To add on to the pressure of being a new coach, Anguiano comes from a different generation than that of the current players. With every era, a new generation of people come through to fill the gaps left by those gone. Each generation has something that another one lacks or improves on and through Anguiano’s eyes, this is no different. When on a team, players tend to take it upon themselves to really represent what the team stands for and strives toward. Victory, defeat, happiness, sadness, the ups and downs and the good and the bad all play a role when defining what makes up a team. In the case of what Anguiano has experienced, his biggest notice is the sense of pride the current generation has. It can be difficult to really do what is required when not everyone is on board or holds the same high level of pride as one another. Although it is lacking, Anguiano and the coaching staff, along with the players, are doing everything they can to regain their sense of pride so that everyone can move forward together.

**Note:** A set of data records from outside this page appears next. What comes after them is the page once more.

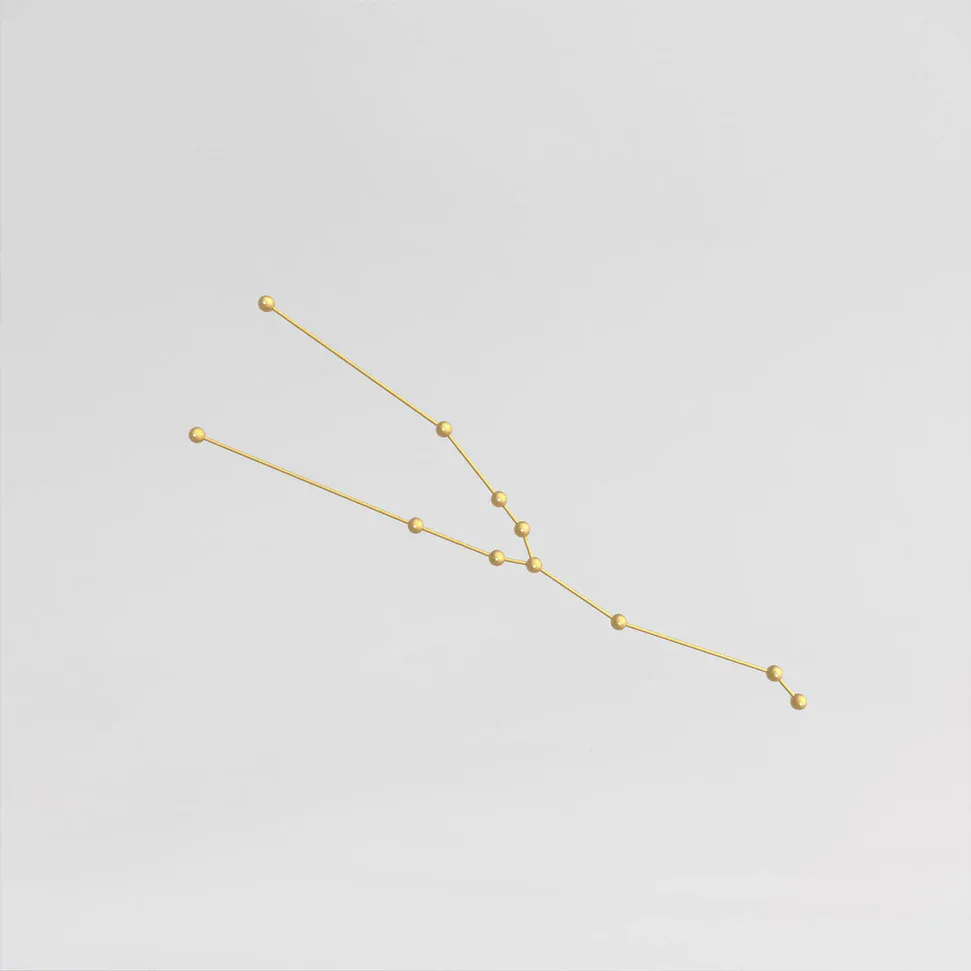 Gold-beaded string lights arranged in descending curved lines against a neutral background, a delicate lighting installation by Richard Clarkson.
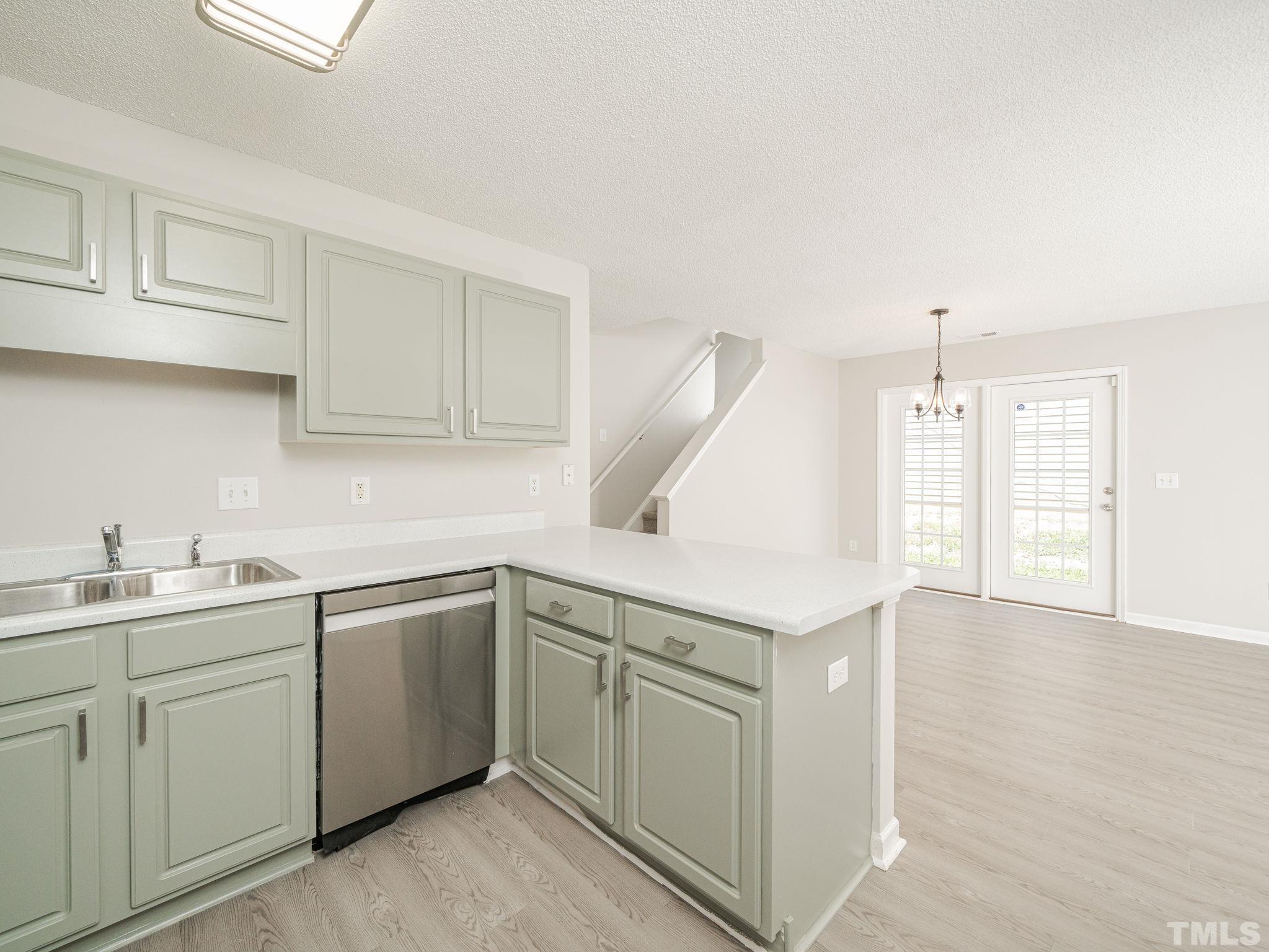 3240 Marcony Way Raleigh, NC 27610 - Photo 18 of 31 a kitchen with a sink and cabinets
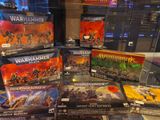 display case of warhammers and warhammers miniatures displayed in glass case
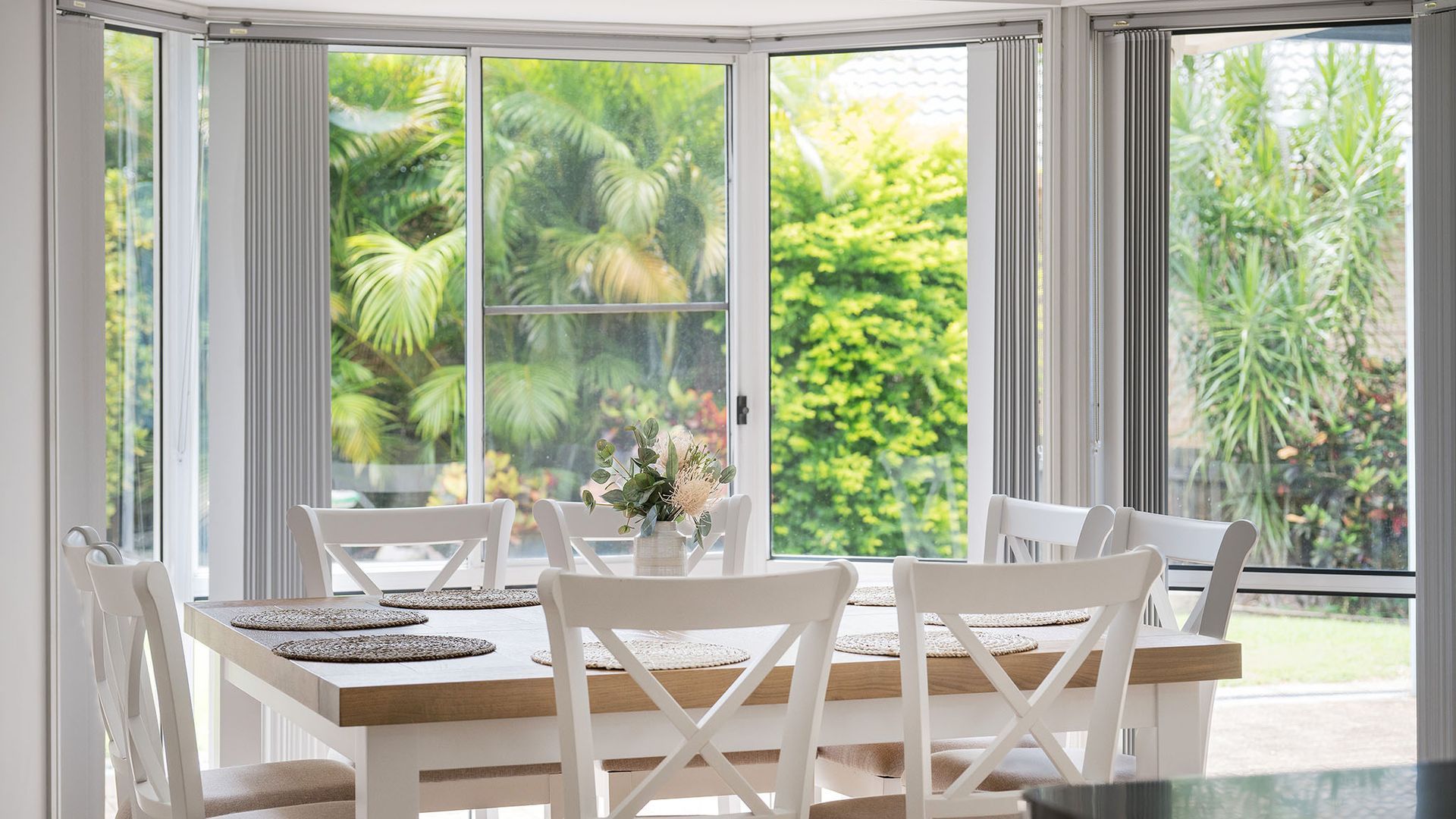 A dining area with a white table and chairs, a vase with flowers, and a view of greenery through large windows.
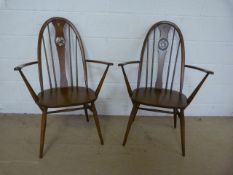 A pair of Ercol Chairs with Swan Decoration
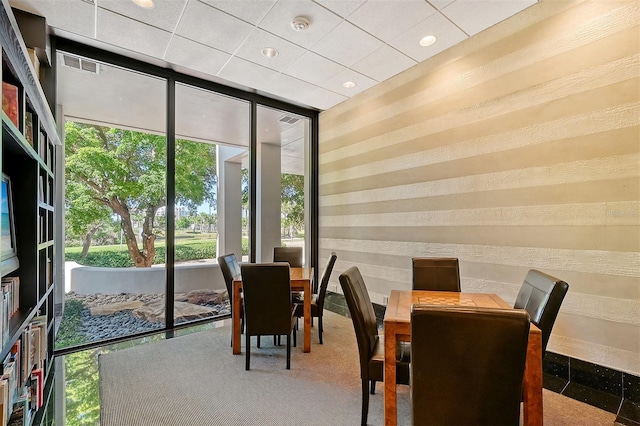 carpeted dining area featuring plenty of natural light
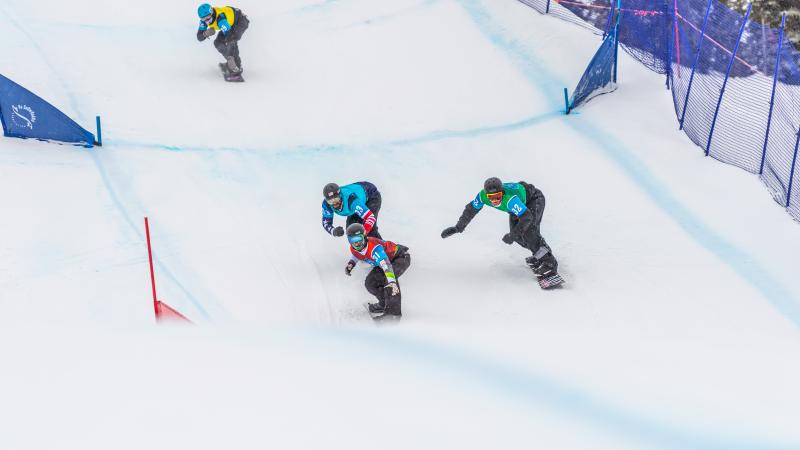 four male Para snowboarders racing on the snow with Alex Massie on the right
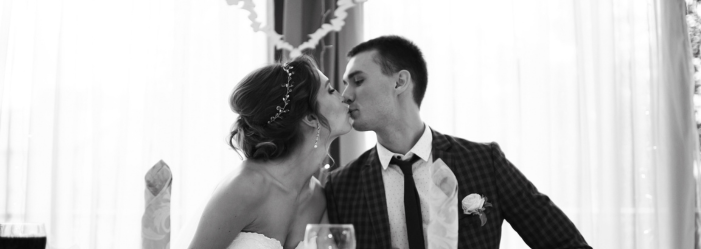 A black and white photo of a bride and groom kissing at a wedding reception.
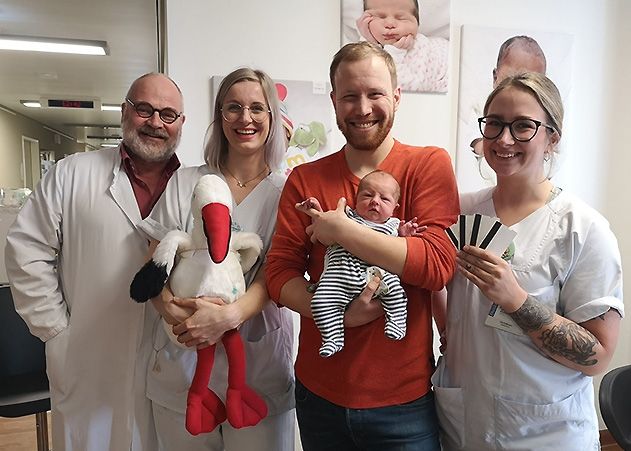 Das Team der Geburtsmedizin (v.l.: Professor Ekkehard Schleußner, Hebamme Josefine und Hebamme Lisa) freut sich, Vätern wie Christopher Kutschborski – hier mit dem kleinen Karlo – das Storchenticket anbieten zu können.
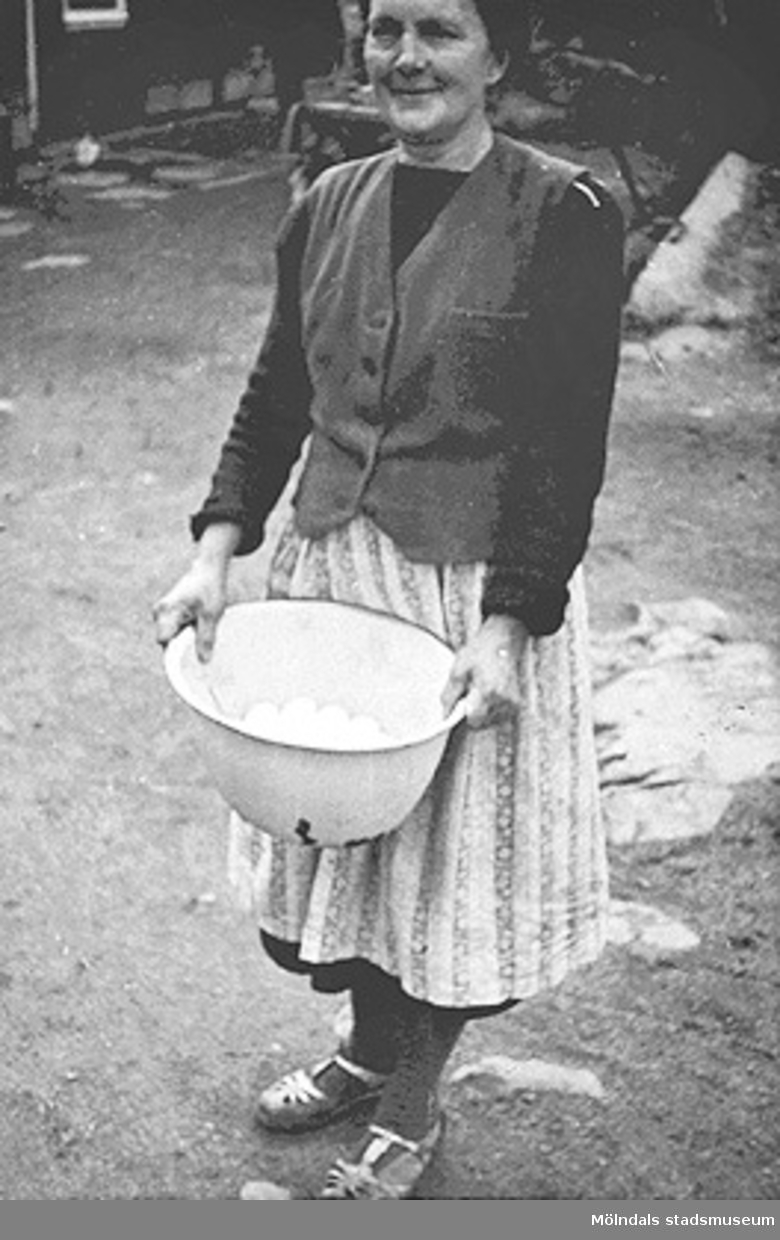"Mamma myser", 1920-tal i Kållered. En kvinna håller en skål full med ägg.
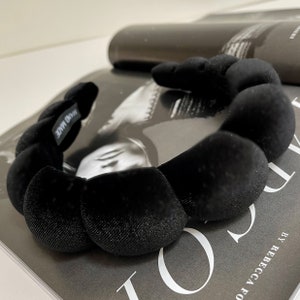 Peut inclure: Un serre-tête en velours noir avec un design rond et bouffant. Le serre-tête porte l'inscription "HAND MADE" sur le côté.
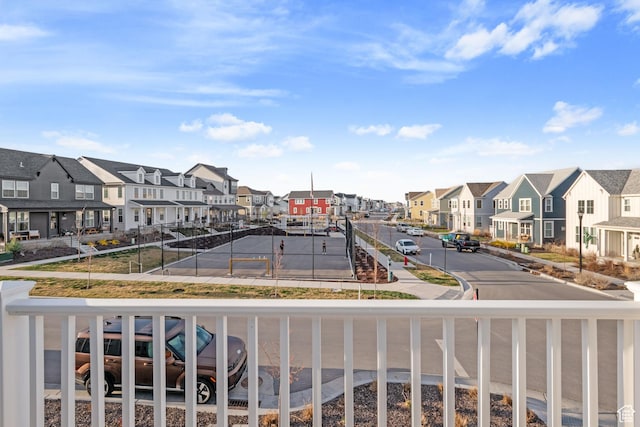 balcony featuring a residential view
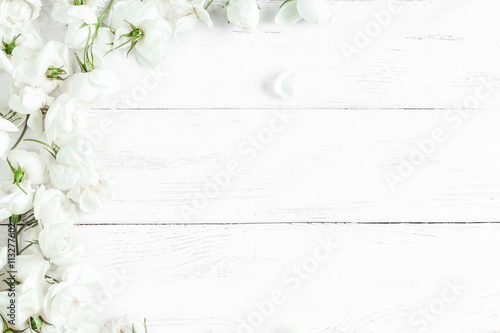 dog rose flowers on white wooden background  frame  top view  flat lay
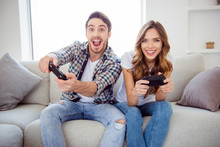 Portrait Of His He Her She Two Person Nice-looking Attractive Lovely Cheerful Cheery Positive Guy Lady Playing Online Station Having Fun In Light White Style Interior Hotel House Indoors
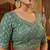 Green embellished saree with embellished blouse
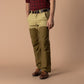 Two-tone tan and olive canvas briar pants with reinforced overlay panels and brown boots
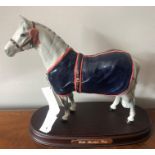 Welsh mountain pony from the John Beswick studio of Royal Doulton in a grey gloss with blue rug on
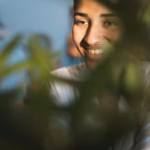 smiling-woman-portrait-with-blurred-plant_23-2148304879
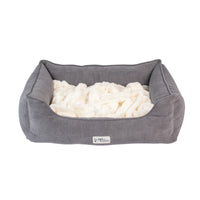 The gray PetFusion Calming Cuddler Dog Bed has raised edges and a plush cream interior for dog anxiety relief, featuring a front label with the Pet Fusion logo to showcase it as a trusted brand.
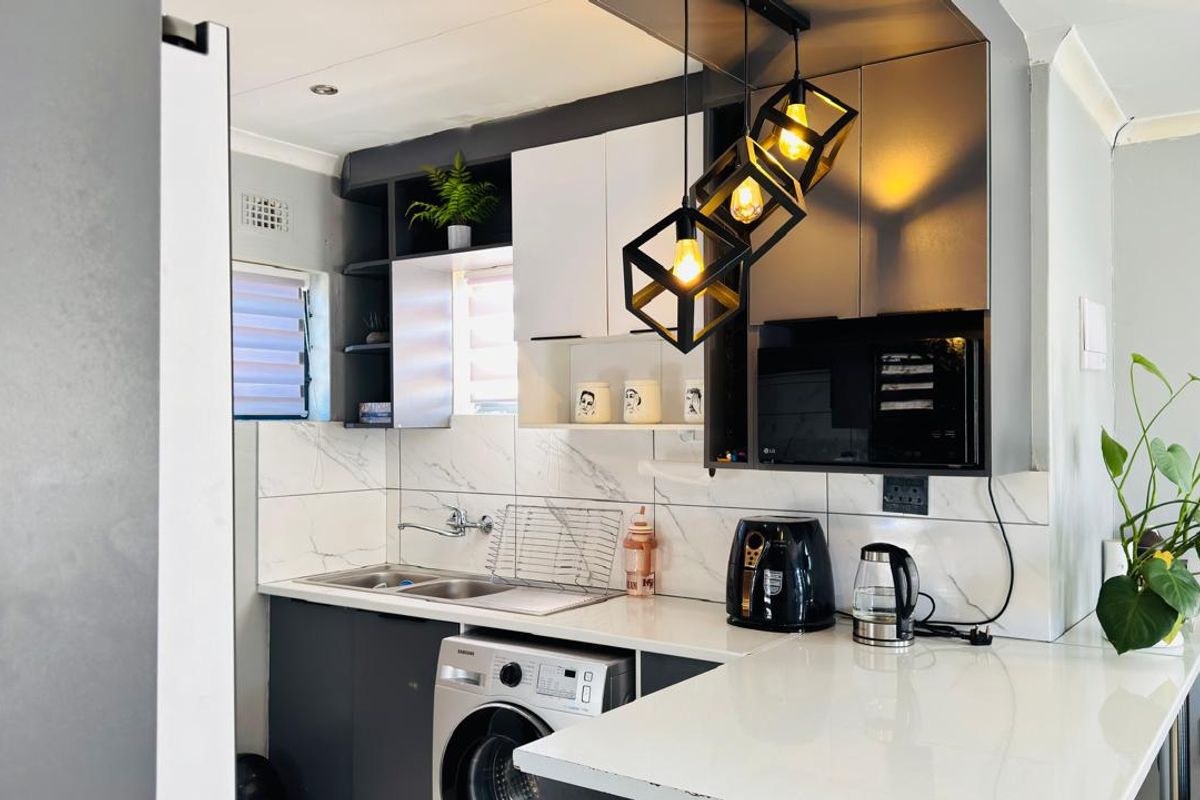Modern kitchen featuring sleek two-tone cabinetry, stone countertops, marble-look tile backsplash, and contemporary pendant lighting with integrated microwave and laundry plumbing.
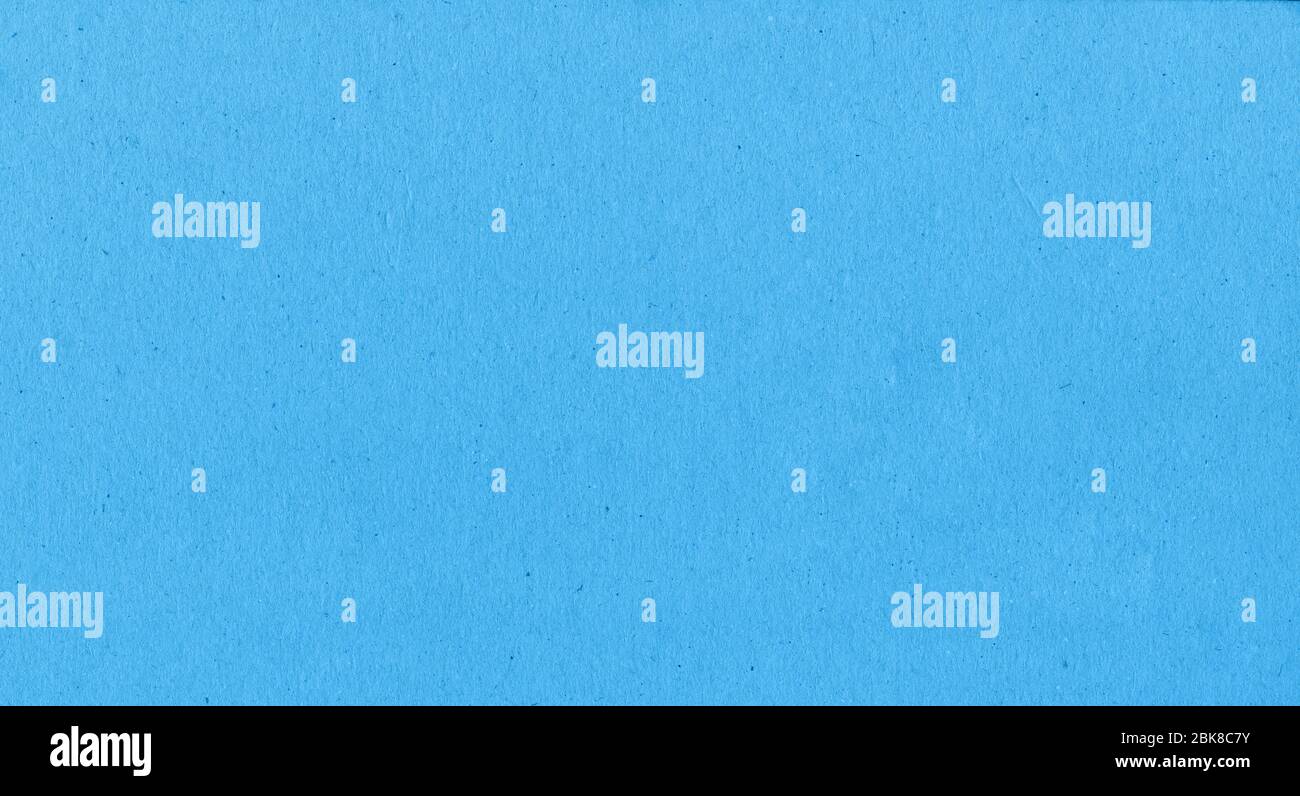 Uno sfondo fibroso di carta con un sacco di texture in blu Foto Stock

Coach Anguiano has come far in his life, and just like everyone else, he wants to succeed. The memories and experiences he’s made along the way, along with making his own parents proud and truly finding success through the avenues he’s walked, has helped him represent what many people hope to find when coming to The United States. Anguiano is a testament to what it means to find success in life. Whether it’s guiding his players, guiding his family, giving back to the community or just getting back in touch with his roots, we know that everything is given to those who work hard and believe, just as Anguiano has proven.